Seek and You Shall Search
Conjuring exactly the sound you need on the C4 isn’t always easy. And with four voice generators that can be set for nearly four octaves in either direction, and powerful processor, envelope, LFO, and sequencing sections, you can get bogged down in options fast. But even when I kept things simple and used a single voice, a sine wave, and very basic filtering and LFO settings, it wasn’t easy to get a simple flute tone the way I would with my old Korg MS-10 or a Minimoog. Much of this limitation is down to the way a guitar signal, with its tangle of harmonics and peaks, interacts with synthesis. Such randomness is half the fun of the C4. But you should be prepared to create sounds akin to a space gamelan or alien sitar, with odd attack and decay qualities, rather than luscious beds of future-medieval oboe with predictable decay properties.
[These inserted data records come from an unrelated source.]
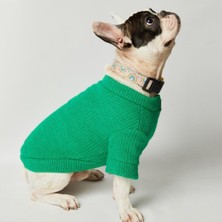Feyza Design Renkli ve Yumuşak Triko Köpek Kazak, Rahat ve Şık Tasarım
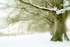 Winter Beeches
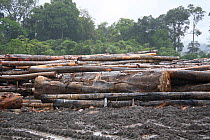 Deforestation for construction of dam, Sabah, Malaysian Borneo. July 2010.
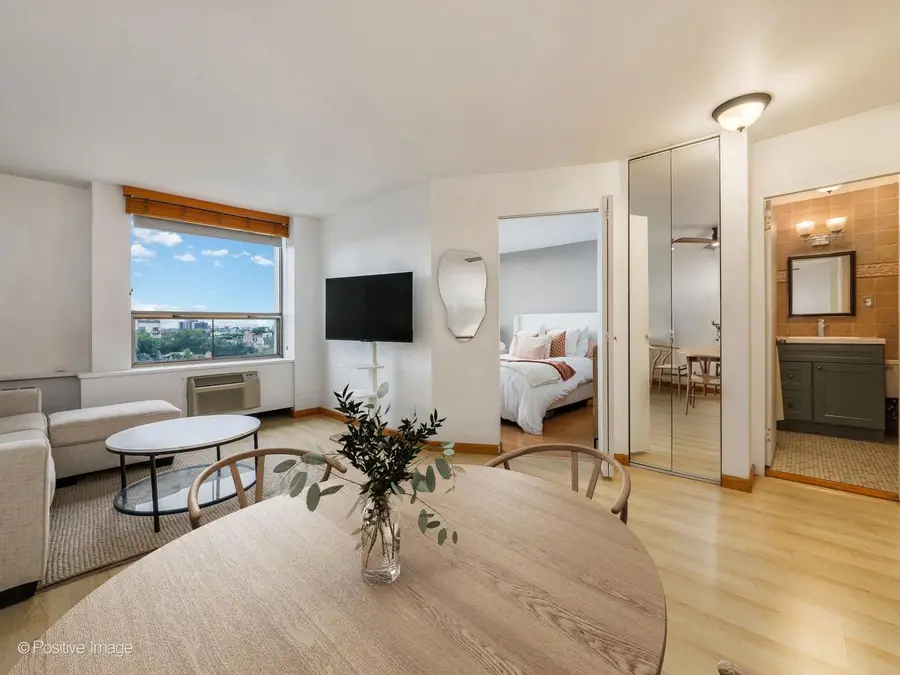 1455 N Sandburg Terrace #803, Chicago, IL 60610 - #3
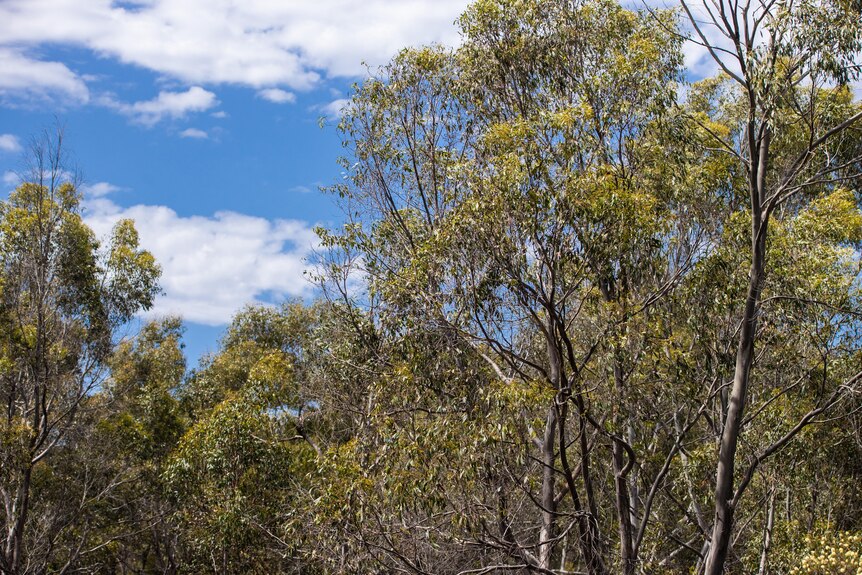 Gum trees with blue sky and a few clouds in the background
An oscillator-driven keyboard synth, the C4 is not.

To the extent the C4 generates fatter sounds (often from big, compound four-voice settings), they tend to align with the sonorities of EDM. If you’re on the prowl for more classic sounds, simpler is better, and starting with a single voice and a fairly regular waveform is a good start point for approaching the C4 and Neuro app’s capabilities anyway. But if it’s vintage Pink Floyd and Tangerine Dream textures you hope to extract from the C4, the search can be tricky. Thankfully, Source Audio makes it simple to share presets, effectively creating a community of artists, some of which may be more adroit at fashioning old-school sounds.

The Verdict
The C4’s sound-generation capabilities often seem to verge on the infinite. And when you factor in the inevitable randomness created when guitar signal meets synthesis, that’s probably true. For all its expansiveness, the C4’s voices still tend toward the modern digital-synthesis palette. Framed within a more complex musical piece or a band arrangement, these sounds can be everything from gentle bubbling background atmosphere to smack-you-silly musical exclamation points. But if you’re new to guitar and bass synth or the world of sound design through synthesis, the C4 and the Neuro app can open up a near-limitless world of exploration.